Terrorífica. No hay otra palabra que describa la noche que les tocó vivir a una madre y a sus dos hijos menores en su propia casa el 30 de abril de 2009. Una peligrosa banda de ladrones, formada por hombres de varias nacionalidades, asaltó la vivienda de esta familia, ubicada cerca de Chantada. Los malhechores pensaban que en la caja fuerte había muchos miles de euros, pero fallaron. Únicamente se encontraron con algunas joyas, y no muchas.

La familia víctima de este robo protagonizó la segunda jornada del juicio que se celebra desde el jueves en la Audiencia Provincial de Lugo. El padre, dedicado al transporte de pescado desde Burela a Vigo, poco pudo aportar porque no se encontraba en la vivienda en el momento en que ocurrieron los hechos. Los ladrones lo tenían todo perfectamente estudiado y planificaron la actuación cuando estaban en casa los más indefensos.

Sería un poco antes de las cuatro de la mañana. El despertador de la mesilla de noche de la habitación se cayó durante el robo y quedó parado en las cuatro y diez. A esa hora, la propietaria de la casa estaba durmiendo tranquilamente en su cama. En otra habitación se hallaban sus hijos de doce años.

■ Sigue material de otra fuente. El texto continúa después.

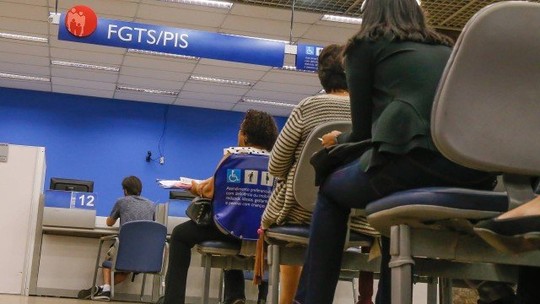 Em junho, Caixa e Banco do Brasil pagarão abono salarial do PIS/Pasep a quatro grupos de trabalhadores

«Me desperté escuchando como unos pasos. Pensé que era mi marido, pero ya me enfocaron con una linterna; me dieron unos golpes y, a continuación, me arrojaron al suelo. Arrancaron los cables de la televisión y me ataron con ellos», contó al tribunal la víctima del asalto. Lo peor todavía estaba por venir: la angustia de saber que otros hombres habían entrado en la habitación de sus hijos y los estaban sacando no se sabía con qué fines.

La mujer explicó que a los pequeños también los llevaron a su habitación para atarlos con los cables y también con un jersey de su padre que, previamente, rompieron. La víctima del asalto explicó que no pudo ver con exactitud cuántos hombres había en la casa, pero pudieron ser cuatro o cinco.

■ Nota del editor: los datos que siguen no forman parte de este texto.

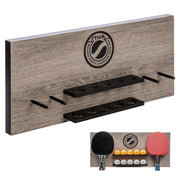 STIGA Table Tennis Storage Wall Rack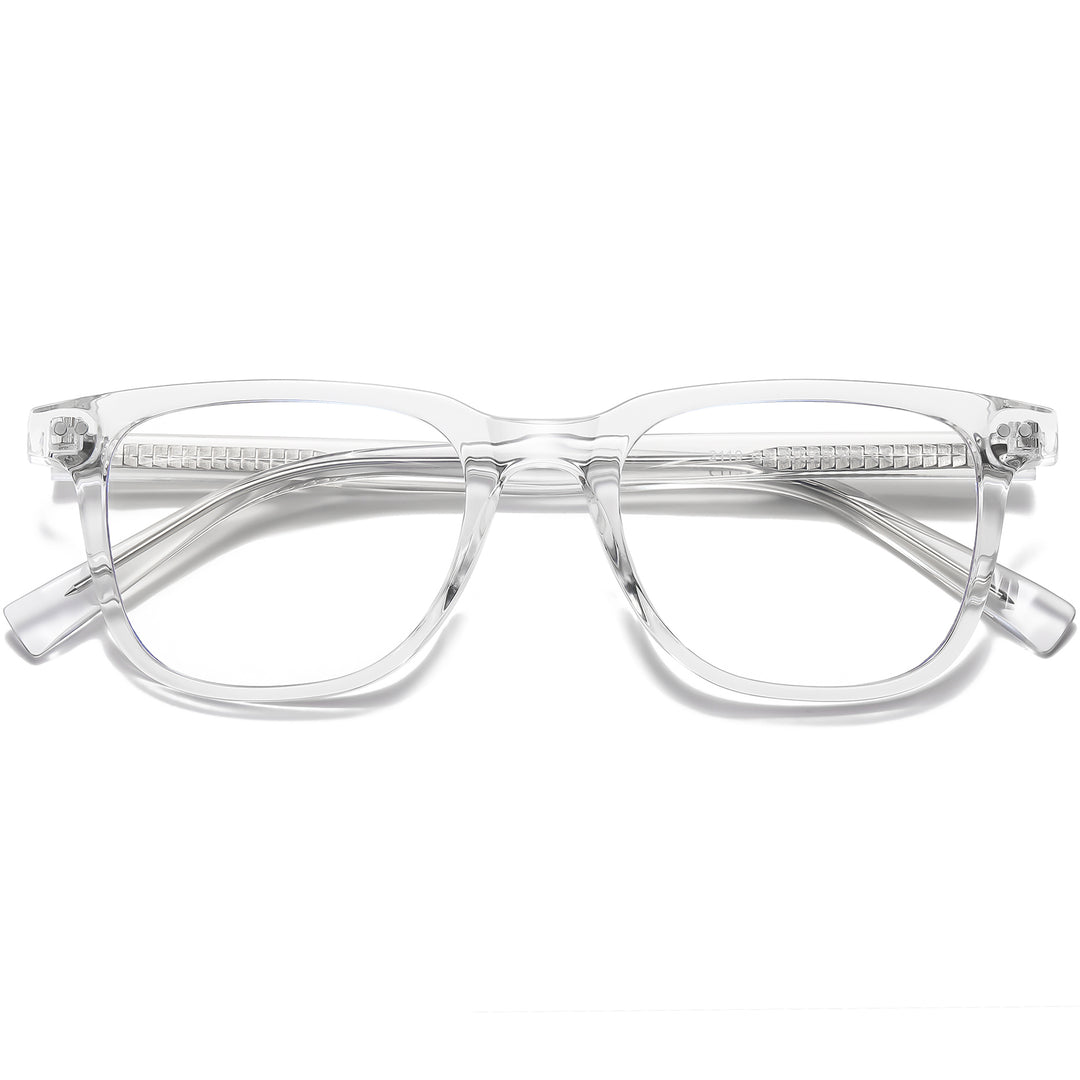 Square Glasses PF1282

En un momento dado, los asaltantes, explicó la testigo, se ocuparon de desatar a uno de los pequeños. «Uno le puso un cuchillo al cuello y lo obligó, bajo amenazas de muerte, a que abriera la caja fuerte. Yo fui quien le tuve que dar el código. Falló en el primer intento, pero no así en el segundo», explicó la mujer.

Después de conseguir abrir la caja, los forajidos se dedicaron a sacar todo lo que había en su interior: especialmente algunas joyas y algunos regalos que habían tenido los niños con motivos que no hacía mucho que habían hecho la primera comunión.

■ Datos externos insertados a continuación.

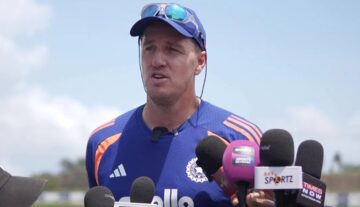 Morne Morkel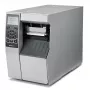 Etiķešu printeris Zebra ZT510 Termiskā pārnese 300×300 DPI, 305 mm/s, 104 mm drukas platums, Ethernet, Bluetooth, LCD, pelēks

La testigo aseguró que a ella la dejaron tirada en el suelo, boca abajo y con una almohada sobre la cabeza. Tras la apertura de la caja fuerte, ataron de nuevo al chiquillo y, con posterioridad, abandonaron la casa, no sin antes rajarle las cuatro ruedas a un quad que había en un garaje. Pretendían que nadie pudiera perseguirlos o fueran con rapidez a la Guardia Civil para dar cuenta de los sucedido.